A few additional analytical functions, gap analysis and regression analysis, are available only on the Build Reports page of the US IDE. Gap Analysis (US IDE Only)

The Gap Analysis function can compare differences in gaps between countries and/or across different time points. For example, the most basic type of gap analysis for comparing average literacy scores by gender for two countries would be to compare the male–female gap (i.e. score difference between males and females) in one country to the male–female gap in another country. The Gap Analysis window is available from the Build Reports page. Selecting the basis for comparison on this page, either Between Jurisdictions or Across Years, users can also select the gap, or difference measure, to analyse either Between Groups, Between Years, Between Groups and Years, or Between Percentiles within the selected variable.

Similar to the significance testing, other steps in this window allow users to name their significance tests, select whether they want their results displayed in a table format or map format, or choose to display score details. The last section is used to select which jurisdictions, variables and/or categories, years, and statistics to compare. This function can be used to answer questions such as ‘Is the gap in numeracy skills between young adults (16–24) and older adults (55–65) different in the United States than in Canada?’ or ‘Did the gender gap in numeracy skills change over time between ALL and PIAAC?’ Regression Analysis (US IDE Only)

Regression analysis functionality is available only in the US IDE and uses a linear regression approach.
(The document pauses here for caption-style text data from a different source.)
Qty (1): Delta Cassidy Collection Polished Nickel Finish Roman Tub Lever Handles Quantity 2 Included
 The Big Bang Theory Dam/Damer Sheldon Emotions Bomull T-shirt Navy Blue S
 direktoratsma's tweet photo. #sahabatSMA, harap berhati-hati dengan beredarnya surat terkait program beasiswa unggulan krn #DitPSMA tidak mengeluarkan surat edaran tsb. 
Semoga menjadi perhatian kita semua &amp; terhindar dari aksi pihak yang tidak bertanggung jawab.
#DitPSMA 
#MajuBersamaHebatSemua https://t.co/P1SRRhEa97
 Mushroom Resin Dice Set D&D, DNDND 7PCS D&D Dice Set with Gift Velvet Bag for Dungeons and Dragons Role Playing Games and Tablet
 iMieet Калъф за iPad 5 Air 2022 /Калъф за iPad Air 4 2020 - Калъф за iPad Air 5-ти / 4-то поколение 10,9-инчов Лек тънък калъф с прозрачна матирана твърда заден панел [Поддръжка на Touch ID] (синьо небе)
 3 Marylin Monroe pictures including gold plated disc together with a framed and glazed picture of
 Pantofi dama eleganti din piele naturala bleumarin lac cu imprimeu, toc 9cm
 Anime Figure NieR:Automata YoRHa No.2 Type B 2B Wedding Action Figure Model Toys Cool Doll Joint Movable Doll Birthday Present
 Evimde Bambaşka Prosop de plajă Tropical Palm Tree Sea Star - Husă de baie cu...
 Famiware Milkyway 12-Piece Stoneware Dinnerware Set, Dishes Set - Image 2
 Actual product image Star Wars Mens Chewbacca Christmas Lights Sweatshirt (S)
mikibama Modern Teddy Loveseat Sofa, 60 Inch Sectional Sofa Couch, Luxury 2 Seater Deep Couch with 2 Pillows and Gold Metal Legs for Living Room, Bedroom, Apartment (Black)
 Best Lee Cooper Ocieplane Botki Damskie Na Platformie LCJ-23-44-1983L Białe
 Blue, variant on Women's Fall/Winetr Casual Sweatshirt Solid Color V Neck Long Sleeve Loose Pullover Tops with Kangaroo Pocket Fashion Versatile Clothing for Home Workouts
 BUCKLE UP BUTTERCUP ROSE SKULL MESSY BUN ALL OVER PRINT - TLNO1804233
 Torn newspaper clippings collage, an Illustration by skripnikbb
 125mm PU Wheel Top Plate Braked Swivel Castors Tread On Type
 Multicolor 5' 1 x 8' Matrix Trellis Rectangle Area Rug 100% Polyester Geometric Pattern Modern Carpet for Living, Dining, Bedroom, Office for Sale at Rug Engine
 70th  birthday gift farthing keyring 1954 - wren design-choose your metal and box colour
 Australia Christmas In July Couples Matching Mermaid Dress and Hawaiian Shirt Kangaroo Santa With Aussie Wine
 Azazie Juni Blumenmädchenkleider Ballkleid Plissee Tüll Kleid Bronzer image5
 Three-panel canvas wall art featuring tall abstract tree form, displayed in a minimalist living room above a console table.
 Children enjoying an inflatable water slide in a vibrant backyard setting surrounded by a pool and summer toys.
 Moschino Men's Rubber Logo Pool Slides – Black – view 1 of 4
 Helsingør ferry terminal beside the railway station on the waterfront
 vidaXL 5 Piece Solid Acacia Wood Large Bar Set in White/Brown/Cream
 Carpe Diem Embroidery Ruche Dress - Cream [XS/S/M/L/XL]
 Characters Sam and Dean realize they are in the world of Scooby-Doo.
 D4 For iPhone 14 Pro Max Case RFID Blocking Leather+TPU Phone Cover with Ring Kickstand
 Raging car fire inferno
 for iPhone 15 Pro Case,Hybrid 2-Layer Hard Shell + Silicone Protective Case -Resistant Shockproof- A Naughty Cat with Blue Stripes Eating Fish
Although the function is more restrictive, and there are fewer options than when conducting the analysis using standard statistical packages, this function allows users to examine and test the level of association between one continuous dependent variable (predicted) and up to three independent variables (predictors). Dummy coding (i.e. a 0/1 flag) is used to code independent variables, where the first subgroup of the independent variable is the reference group and cannot be changed. This is useful for comparing each subgroup against a reference group. For example, if the subgroup Excellent is the reference group for the independent variable Health Status, the IDE creates a Very Good dummy variable (1 for respondents who answered Very Good, 0 otherwise), a Good dummy variable (1 for respondents who answered Good, 0 otherwise), a Fair dummy variable (1 for respondents who answered Fair, 0 otherwise), and a Poor dummy variable (1 for respondents who answered Poor, 0 otherwise). The reference group Excellent is excluded from the regression analysis. This way, each of the other health groups is compared to the Excellent group using a total of four dummy variables.

Regression analysis is accessible on the Build Reports page. In the Regression Analysis window, one can create a name for the regression analysis and select jurisdictions, year, and up to three independent variables for analysis. Regressions can be used to answer questions such as ‘Do US males have higher monthly earnings than females, even when controlling for occupation and industry?’ or ‘Do employed US adults have higher numeracy skills than unemployed adults, even when controlling for educational attainment and age?’

Note that regression analysis can only be performed for 1 year and one jurisdiction at a time, unlike most other analysis types. The continuous measure selected on the Select Criteria page will become the dependent variable for regression, and the independent variables are from the categorical variables selected on the Select Variables page and cannot include continuous measures.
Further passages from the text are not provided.